What is GDPR
If your website has visitors from European Union countries, then this law applies to you.
The goal of GDPR is to protect user’s personally identifying information (PII) and hold businesses to a higher standard when it comes to how they collect, store, and use this data.
The personal data includes: name, emails, physical address, IP address, health information, income, etc.
Explicit Consent – if you’re collecting personal data from an EU resident, then you must obtain explicit consent that’s specific and unambiguous. In other words, you can’t just send unsolicited emails to people who gave you their business card or filled out your website contact form because they DID NOT opt-in for your marketing newsletter (that’s called SPAM by the way, and you shouldn’t be doing that anyways).
For it to be considered explicit consent, you must require a positive opt-in (i.e no pre-ticked checkbox), contain clear wording (no legalese), and be separate from other terms & conditions.
Rights to Data – you must inform individuals where, why, and how their data is processed / stored. An individual has the right to download their personal data and an individual also has the right to be forgotten meaning they can ask for their data to be deleted.
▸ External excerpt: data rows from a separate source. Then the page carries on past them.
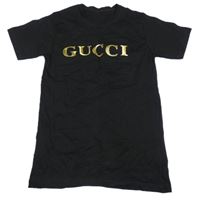 Černé tričko Gucci 
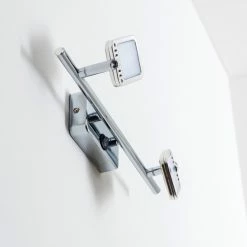 Hofstein Moosonee Wandleuchte LED Chrom, 2-flammig -Wandleuchten Verkaufsgeschäft moosonee wandleuchte h3009635 12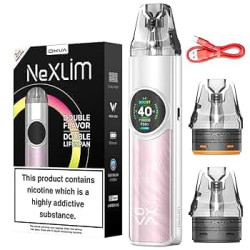 Oxva Nexlim Pod Kit ( Pearl Pink)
This will make sure that when you hit Unsubscribe or ask companies to delete your profile, then they actually do that (hmm, go figure).
Breach Notification – organizations must report certain types of data breaches to relevant authorities within 72 hours, unless the breach is considered harmless and poses no risk to individual data. However if a breach is high-risk, then the company MUST also inform individuals who’re impacted right away.
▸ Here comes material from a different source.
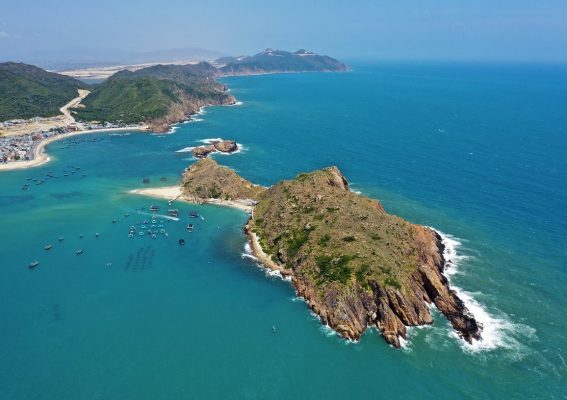 le village de pêcheurs de Nhon Hai à Quy Nhon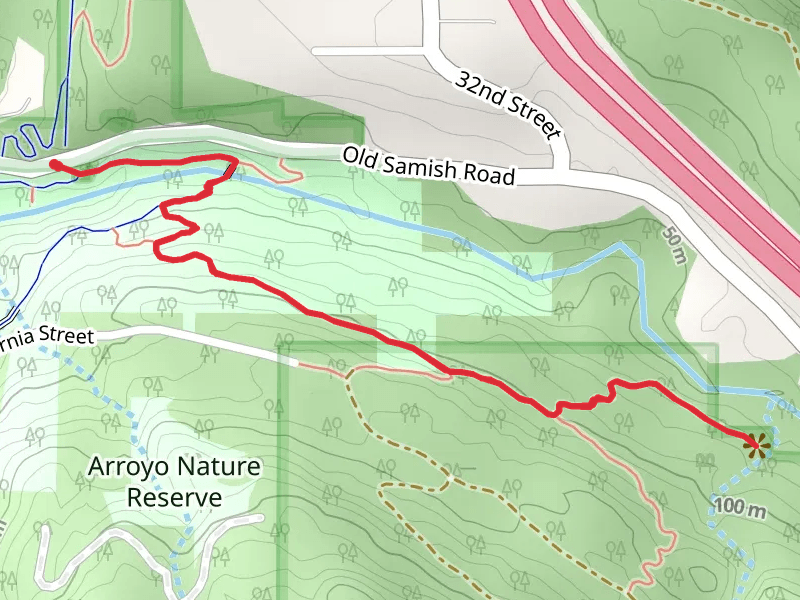 Chuckanut Falls Trail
Data Protection Officers – if you are a public company or process large amounts of personal information, then you must appoint a data protection officer. Again this is not required for small businesses. Consult an attorney if you’re in doubt.
To put it in plain English, GDPR makes sure that businesses can’t go around spamming people by sending emails they didn’t ask for. Businesses can’t sell people’s data without their explicit consent (good luck getting this consent). Businesses have to delete user’s account and unsubscribe them from email lists if the user ask you to do that. Businesses have to report data breaches and overall be better about data protection.
How is WP GDPR Compliant
By default, WordPress used to store the commenters name, email and website as a cookie on the user’s browser. This made it easier for users to leave comments on their favorite blogs because those fields were pre-populated.
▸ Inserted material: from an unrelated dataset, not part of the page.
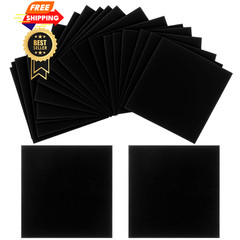 Elegaperma 30 Pcs Anti Tarnish Strips for Jewelry,1 Inch Black black
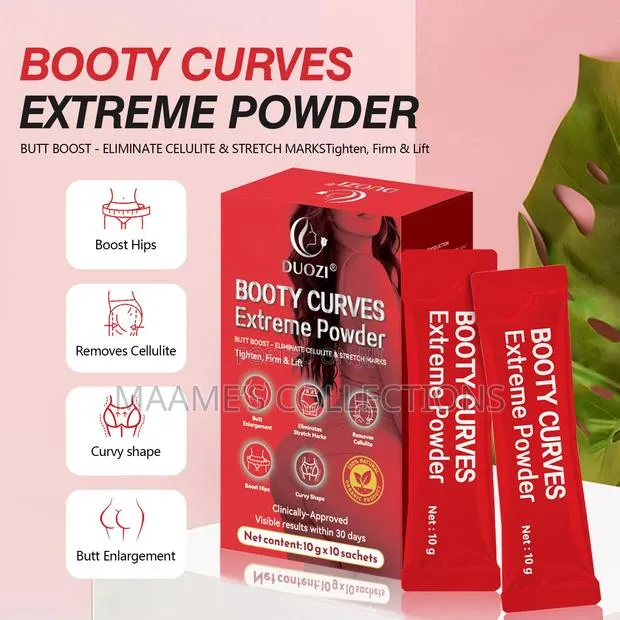 DUOZI Booty Curves Extreme Powder ( Clinically Approved) · Photo 1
Due to GDPR’s consent requirement, WordPress has added the comment consent checkbox. The user can leave a comment without checking this box. All it would mean is that they would have to manually enter their name, email, and website every time they leave a comment.
Data Export and Erase Feature
WordPress offers site owners the ability to comply with GDPR’s data handling requirements and honor user’s request for exporting personal data as well as removal of user’s personal data.
The data handling features can be found under the Tools menu inside WordPress admin.
These three things are enough to make a default WordPress blog GDPR compliant. However it is very likely that your website has additional features that will also need to be in compliance.
Areas on Your Website that are Impacted by GDPR
As a website owner, you might be using various WordPress plugins that store or process data like contact forms, analytics, email marketing, online store, membership sites, etc.
Depending on which WordPress plugins you are using on your website, you would need to act accordingly to make sure that your website is GDPR compliant.
A lot of the best WordPress plugins have already gone ahead and added GDPR enhancement features.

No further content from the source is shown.